The Continued Influence of Cults Today

According to the Ministry of Justice, Aleph (a splinter cell of Aum Shinrikyo) had over 1,650 active members in Japan as recently as 2019. Though Asahara was sentenced to death the previous year, analysts reckon this only boosted his messianic status, raising questions as to whether Aleph will eventually try to resume his ultimate plan of “cleansing” society.

There are thought to be around 2,000 more cults operating in Japan, with between 10 and 20 percent of the population having links, often through religious groups.

Bizarre syncretic cult Happy Science fuses traditional religions with ultranationalism and has hundreds of thousands of subscribers to its offshoot YouTube channels. While the grand Church of Scientology in Shinjuku, which opened in 2015, is never short of leaflet-brandishing proselytizers plonked outside its doors.

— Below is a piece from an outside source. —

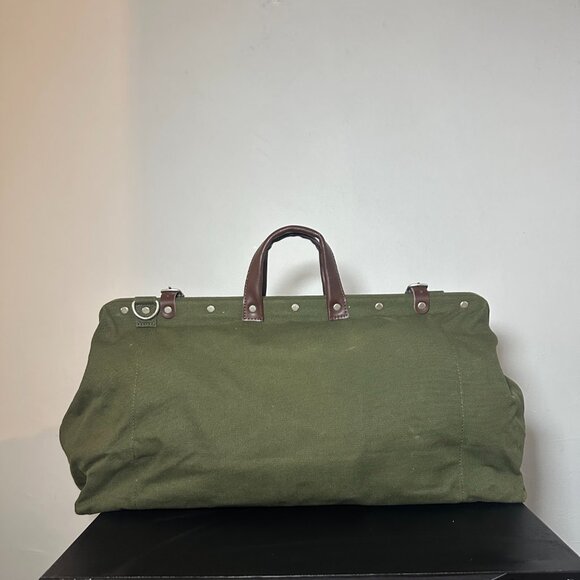 line-of-trade-premium-  Line of Trade Canvas Weekender Bag – Olive Green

Called a cult by some, Buddhist group Soka Gakkai, based on the teachings of 13th-century priest Nichiren, claims to have 8.27-million-member households in Japan and is represented in parliament by the Liberal Democratic Party’s junior ruling partner Komeito.

The Japan Society for Cult Prevention and Recovery (JSCPR) was established following the attacks of 1995 and still disseminates information and conducts regular outreach programs today. But with the advent of social media and widespread digital communication channels, cult prevention is becoming an increasingly difficult task.

Many of Japan’s modern cults might not be as outwardly dangerous as Aum Shinrikyo, but they are reflective of a kind of thinking which has metastasized throughout society, bearing its own pernicious fruit.

Cult Thinking vs Cults

We often view cults through a Hollywood lens: the bearded renegade leading throngs of chanting apostles through torchlit woods. But this is not a helpful rubric.

Most dictionary definitions of the word “cult” center around a small religious group with extremist beliefs. The religion of cults, however, tends to be more about the dogma than a god; the belief in subjective opinions as objective truths.

Our primate brains, with their need for group affirmation, organized hierarchies and solutions to problems, offer a rather prosaic explanation for cult-like tendencies. Coupled with dramatic shifts in society and the accompanying displacement of a vast number of individuals, it’s little surprise that we have become so impressionable.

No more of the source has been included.